Un huis-clos où quatre femmes au bord du précipice, volontairement recluses, gardent obstinément les volets clos de leur maison.
Chose étrange d'ailleurs d'appeler cette pièce Les Tournesols, alors qu'il n'est manifestement pas question d'héliotropisme ici, au contraire.
Violet refuse rageusement l'extérieur, voudrait protéger ses filles du patriarcat, leur somme de ne jamais se soumettre, de ne jamais concilier, quitte à s'extraire totalement de la société.
Elles forment ensemble un rempart au monde qui leur a été et reste extrêmement hostile.
Les pères s'en sont tous allés, vers d'autres femmes ou vers l'au-delà.
Cette réclusion mortifère est le lieu de leur amour fou, de leurs tensions, de leurs névroses et leur folie grandissante.
Il y a ces chansons aux paroles hermétiques.
Il y a ce soleil qui ne pénètre jamais l'intérieur de cette maison-forteresse, stoppé par le filtre des volets.
Il y a ces insectes pris au piège, ces ailes d'ange apparaissant au cours du récit, ces bluettes en italien et ce linge étendu comme dans une chanson de Nino Ferrer. Étendoir à linge sur lequel la pièce s'ouvre justement, lieu de confessions, d'aveux et de révélations.
Un endroit loin de cette mère mante-aimante, qui au prétexte de ses propres blessures, retient ses trois filles dans sa toile nocive, jusqu'à leur transmettre son mal de vivre.
Toutes se revendiquent dépressives.
La dépression comme étendard de la condition féminine.
Les trois filles, chacune à leur façon, tentent d'approcher le monde, par la voie des anges ou par l'amour des hommes, mais se brûlent et se consument.
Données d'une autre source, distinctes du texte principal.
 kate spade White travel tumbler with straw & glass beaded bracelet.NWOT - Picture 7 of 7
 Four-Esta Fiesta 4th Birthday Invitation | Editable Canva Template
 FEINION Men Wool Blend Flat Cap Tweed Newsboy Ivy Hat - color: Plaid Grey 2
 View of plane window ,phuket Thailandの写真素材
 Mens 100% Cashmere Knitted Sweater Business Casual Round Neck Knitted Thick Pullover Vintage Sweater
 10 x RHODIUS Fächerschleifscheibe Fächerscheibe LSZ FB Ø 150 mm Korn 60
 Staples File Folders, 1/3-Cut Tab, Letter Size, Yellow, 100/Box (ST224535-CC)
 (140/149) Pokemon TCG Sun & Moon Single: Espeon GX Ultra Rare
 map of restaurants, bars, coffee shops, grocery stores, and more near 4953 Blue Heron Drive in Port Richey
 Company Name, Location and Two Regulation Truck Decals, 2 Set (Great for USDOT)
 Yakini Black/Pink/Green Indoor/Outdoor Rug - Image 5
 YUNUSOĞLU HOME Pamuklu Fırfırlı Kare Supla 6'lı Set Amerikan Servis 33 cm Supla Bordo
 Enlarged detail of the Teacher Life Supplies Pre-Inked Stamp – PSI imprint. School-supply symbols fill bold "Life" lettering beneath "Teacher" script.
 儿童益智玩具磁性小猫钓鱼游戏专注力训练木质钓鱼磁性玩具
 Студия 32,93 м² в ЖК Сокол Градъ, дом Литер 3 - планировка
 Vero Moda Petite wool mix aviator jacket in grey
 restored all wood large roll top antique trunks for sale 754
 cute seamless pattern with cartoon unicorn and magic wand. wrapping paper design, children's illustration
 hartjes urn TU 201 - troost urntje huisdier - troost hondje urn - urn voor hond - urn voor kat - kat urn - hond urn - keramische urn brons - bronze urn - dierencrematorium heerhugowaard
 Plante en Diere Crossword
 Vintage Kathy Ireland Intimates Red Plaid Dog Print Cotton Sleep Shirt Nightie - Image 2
Les rares moments de bonheur et de lumière du soleil sont ceux qui sont captés par le caméscope de Blue (la cadette aux multiples suicides ratés) et qui sont projetés sur un drap.
Des images en deux dimensions qui les rendent volontairement artificielles et distantes. L'effet est d'ailleurs saisissant lorsque les comédiennes réapparaissent sur la scène comme après avoir crevé l'écran.
L'auteur Fabrice Melquiot dresse avec brio le portrait de ces femmes perdues et touchantes. Son texte est brillant, précis avec de belles envolées poétiques.
Les quatres comédiennes nous emportent avec talent dans ce maelstrom de sentiments et d'émotions parfois contradictoires, mais qui nous touchent profondément.
La mise en scène de Delphine Lacheteau, astucieuse, voire ingénieuse, participe à la sensation d'avoir vécu une expérience particulière.
On sort de cette pièce bousculé, mais pour notre plus grand plaisir.